What is one unique initiative that you’ve employed over the last 12 months that you’re really proud of? The creation of our Flexsave technology. What started as a small experiment, has become our most successful product. We’ve built engineering, product and sales teams that are helping our customers to save millions of dollars on cloud infrastructure.

Are you leading a digital transformation? If so, does it emphasise customer experience and revenue growth or operational efficiency? If both, how do you balance the two? We are a classic ‘born in the cloud’ type of company and we primarily serve companies like ourselves. What is equally important to us and also to our customers is our ‘self service’ capability. No one likes to wait for engineers or sales to be able to achieve something which is why we have invested millions of dollars enabling our customers to do things themselves, especially via our open APIs.

What is the biggest issue that you’re helping customers with at the moment? My goal has always been to build a technology that will help our customers save money they would otherwise spend on cloud computing infrastructure. The culmination of this work are our two cost optimisation technologies, Flexsave and Spot Scaling. And both are driving savings of between 35% - 75%, depending on the usage.

How do you align your technology use to meet business goals? For me, it’s normally the other way around. It’s always the business need that comes first, and my job as a CTO is to find a technology-based solution.

Do you have any trouble matching product/service strategy with tech strategy? I love technology but I have always understood that it’s no good on its own. Applied technology helps to solve a problem at hand but it is only a tool.

What makes an effective tech strategy? It’s the one that achieves the goal you’ve set for yourself. As I said, the tech itself is just a tool, it’s almost never a goal in itself.

What predictions do you have for the role of the CTO in the future? I think the role of the CTO is very different for every company and for every stage that given company is at. You need to adjust yourself accordingly because what was right three years ago, may be very different from what is required today. Also, I have found that even great CTOs need to surround themselves with A-class players. That’s why I have invested in building the ‘CTO Office’ organisation at DoiT.

What has been your greatest career achievement? My greatest achievement to-date is this company. As a tech-based Managed Service Provider (MSP), we build the tech that is building, securing and maintaining businesses in the public cloud. What started as a small, regional initiative has become a large, global organisation helping digital native companies across the globe to use cloud computing technology in a smarter way.

Looking back with 20:20 hindsight, what would you have done differently? I would start our global expansion earlier. It took me a while to realise the fact that technology problems we are seeing with startups in Israel, also exist at a larger scale - universally everywhere.

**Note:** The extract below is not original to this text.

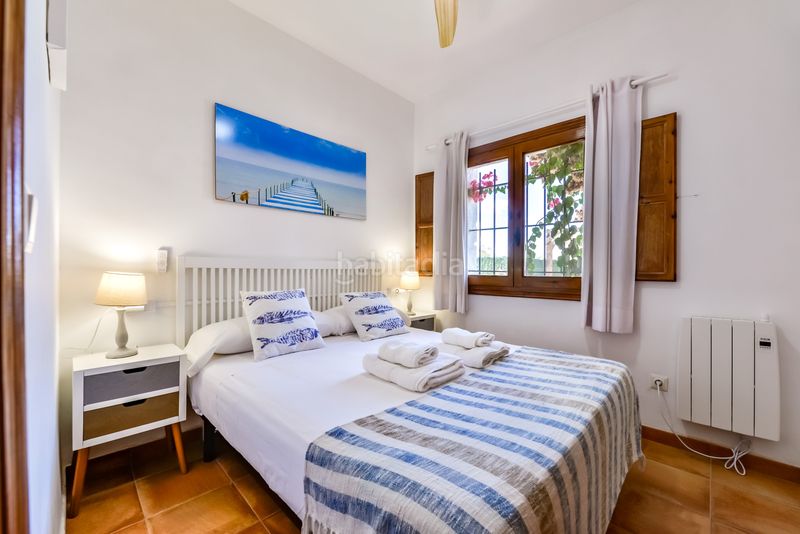 Foto 5168e705-6536-46ec-8ef7-d50bbc3bbb15. Chalet con riscaldamento parcheggio piscina in Cometa Calp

What are you reading now? Right now I am into The Age of Surveillance Capitalism by Shoshana Zuboff. It’s a bit like Thomas Piketty’s Capital in the Twenty-First Century, challenging common assumptions and raising uncomfortable questions about the present and future.

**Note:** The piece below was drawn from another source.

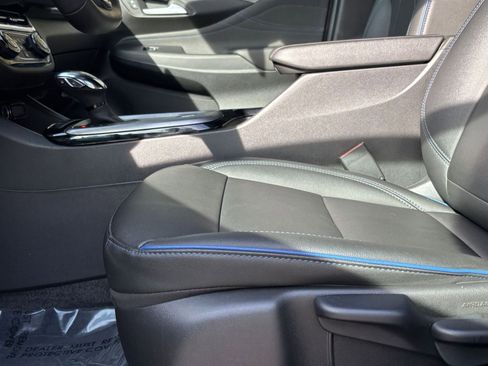 Used 2025 Buick Envista Sport Touring image 23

Most people don't know that I… am a certified divemaster, scuba diving instructor, with over 2,000 logged hours across the Mediterranean sea. As part of that, I am also a certified diving rescue specialist with a wreck diving specialty.

In my spare time, I like to…I enjoy all sorts of ‘Do It Yourself’ projects in my home. My most recent project was building a storage room, with electrical lift and automated storage system.

Ask me to do anything but… Probably directly manage more people than I am managing right now! I enjoy working with people, especially the brilliant staff we have at DoiT, but what I have learned over the years is there are better people managers out there than me. We are lucky to have an amazing management team to drive and scale the company globally.